Could you restate the entries word for word, without the images?

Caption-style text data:
------------

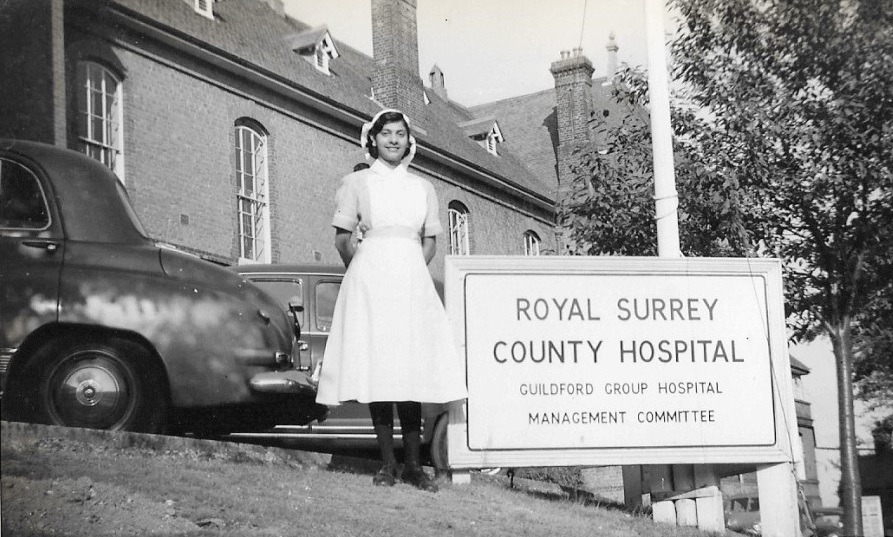 Gulzar Waljee outside Royal Surrey County Hospital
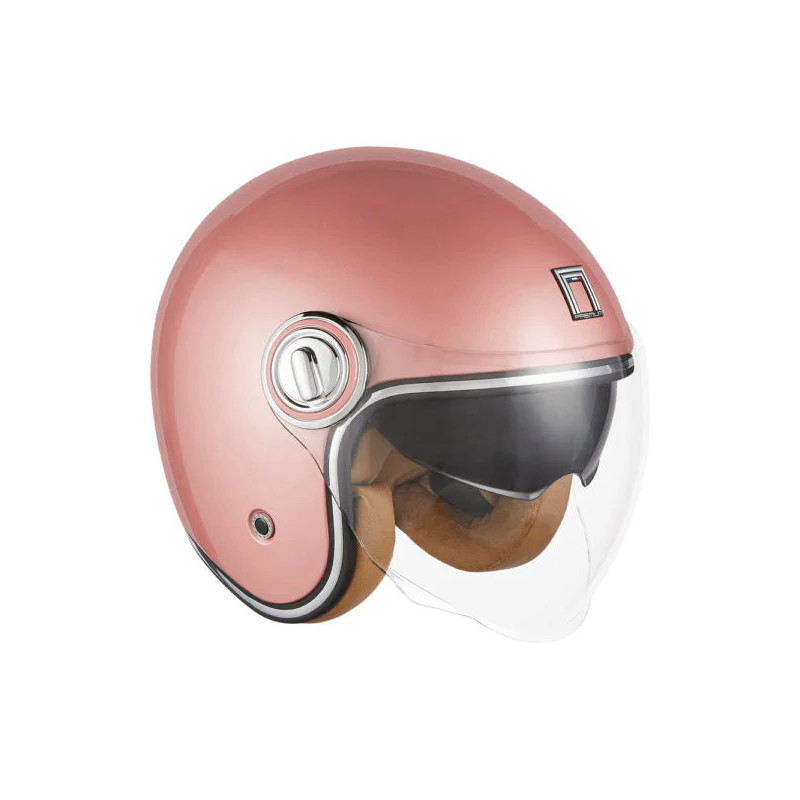 Nox Kask Premium Otwarty Jet Heritage Różowy Złoty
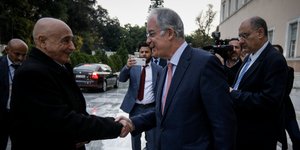Ο Κώστας Τασούλας υποδέχεται τον πρόεδρο της Βουλής της Λιβύης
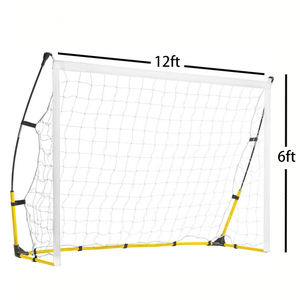 <span class=keywords><strong>But</strong></span> de football portable en métal pour enfants et adultes, 12x6, facile <span class=keywords><strong>à</strong></span> installer, idéal pour <span class=keywords><strong>l</strong></span>'extérieur, vente en gros, best-seller - Product Image 4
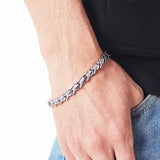 7MM Stainless Steel Magnetic Health Bracelet for Women Men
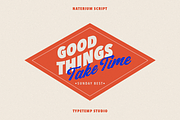 Naterium Retro-Modern Script Font, a Script Font by Typetemp Studio (Thumbnail 7 of 16)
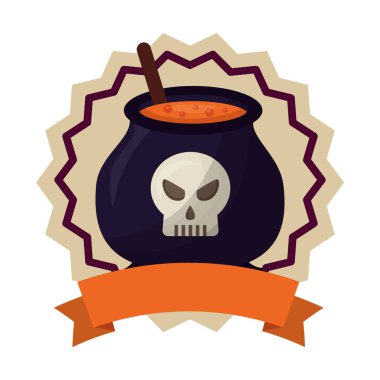 mühür damga halloween kazan ve kurdele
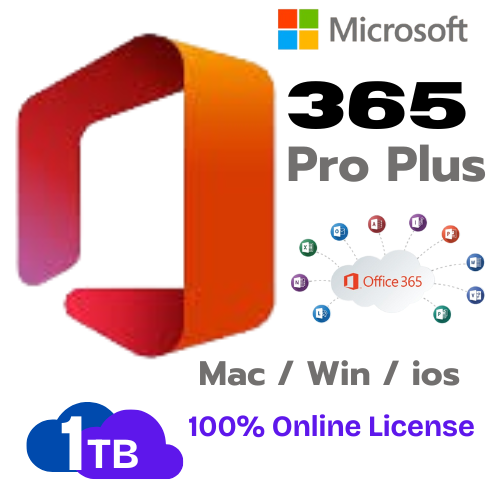 Office 365 - 5 PC - Win/Mac - LICENSE FOR ALL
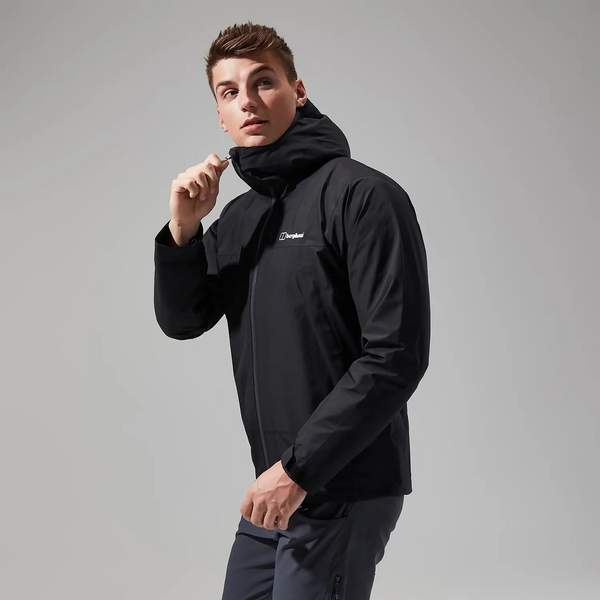 英国硬核户外品牌，Berghaus Paclite Dynax 男士GTX防水连帽硬壳冲锋衣830.78元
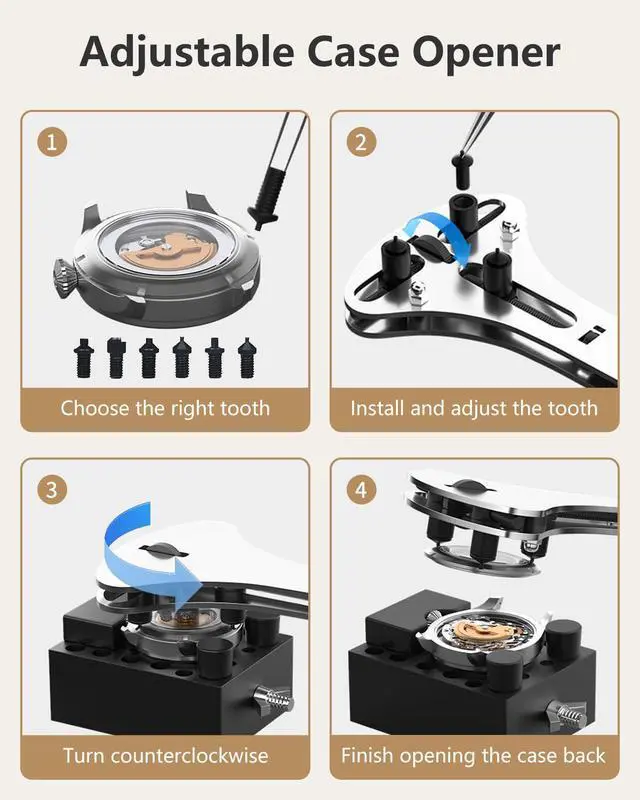 Alt view image 7 of 7 - Watch Repair Kit 149IN1: Watch Link Removal & Battery Replacement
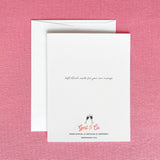 Dog Mom Sweatshirt Greeting Card | Mother's Day Card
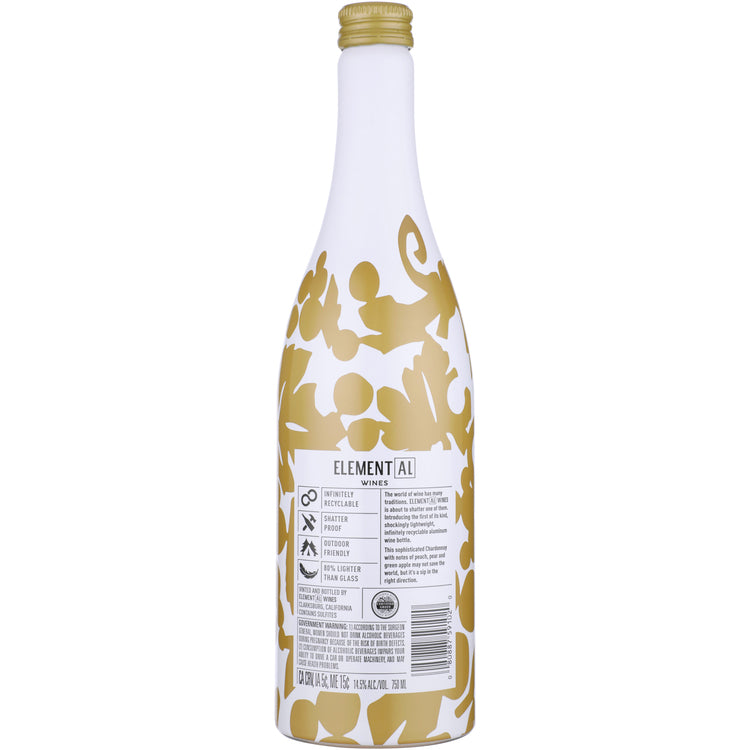 Element Al Wines Chardonnay California 2022 - 750ML - Back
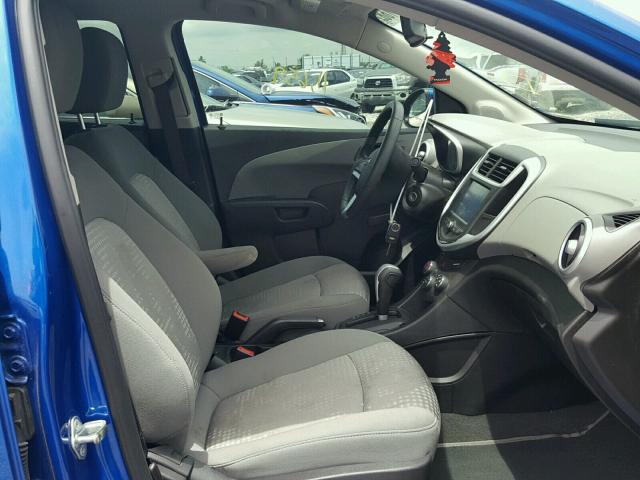 1G1JB5SH4H4140645 - 2017 CHEVROLET SONIC LS 蓝色 照片 5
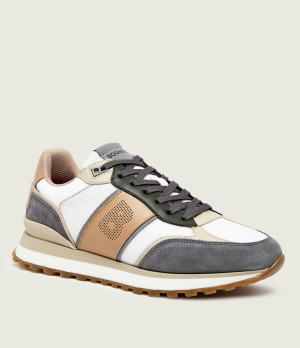 Bogner Skórzane sneakersy Newport 8A | zamsz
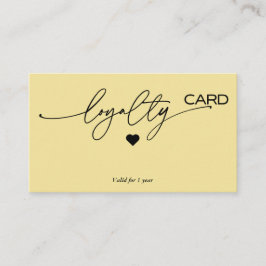 Loyalty Kaart strategie voor klantenbehoud Visitekaartje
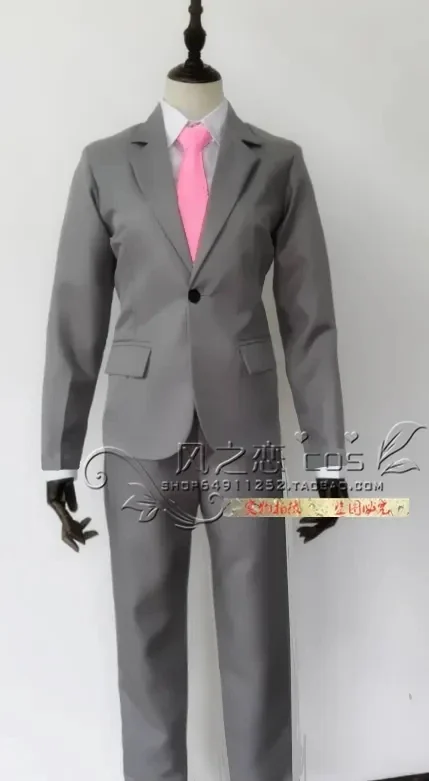 Mob Psycho-disfraz de Cosplay de Arataka Reigen, traje de fiesta de Halloween, peluca, juguete DIY para mujeres y hombres adultos, 100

------------

ANSWER SECTION
 Gulzar Waljee outside Royal Surrey County Hospital
 Nox Kask Premium Otwarty Jet Heritage Różowy Złoty
Ο Κώστας Τασούλας υποδέχεται τον πρόεδρο της Βουλής της Λιβύης
 <span class=keywords><strong>But</strong></span> de football portable en métal pour enfants et adultes, 12x6, facile <span class=keywords><strong>à</strong></span> installer, idéal pour <span class=keywords><strong>l</strong></span>'extérieur, vente en gros, best-seller - Product Image 4
 7MM Stainless Steel Magnetic Health Bracelet for Women Men
 Naterium Retro-Modern Script Font, a Script Font by Typetemp Studio (Thumbnail 7 of 16)
 mühür damga halloween kazan ve kurdele
 Office 365 - 5 PC - Win/Mac - LICENSE FOR ALL
 英国硬核户外品牌，Berghaus Paclite Dynax 男士GTX防水连帽硬壳冲锋衣830.78元
 Alt view image 7 of 7 - Watch Repair Kit 149IN1: Watch Link Removal & Battery Replacement
 Dog Mom Sweatshirt Greeting Card | Mother's Day Card
 Element Al Wines Chardonnay California 2022 - 750ML - Back
 1G1JB5SH4H4140645 - 2017 CHEVROLET SONIC LS 蓝色 照片 5
 Bogner Skórzane sneakersy Newport 8A | zamsz
 Loyalty Kaart strategie voor klantenbehoud Visitekaartje
 Mob Psycho-disfraz de Cosplay de Arataka Reigen, traje de fiesta de Halloween, peluca, juguete DIY para mujeres y hombres adultos, 100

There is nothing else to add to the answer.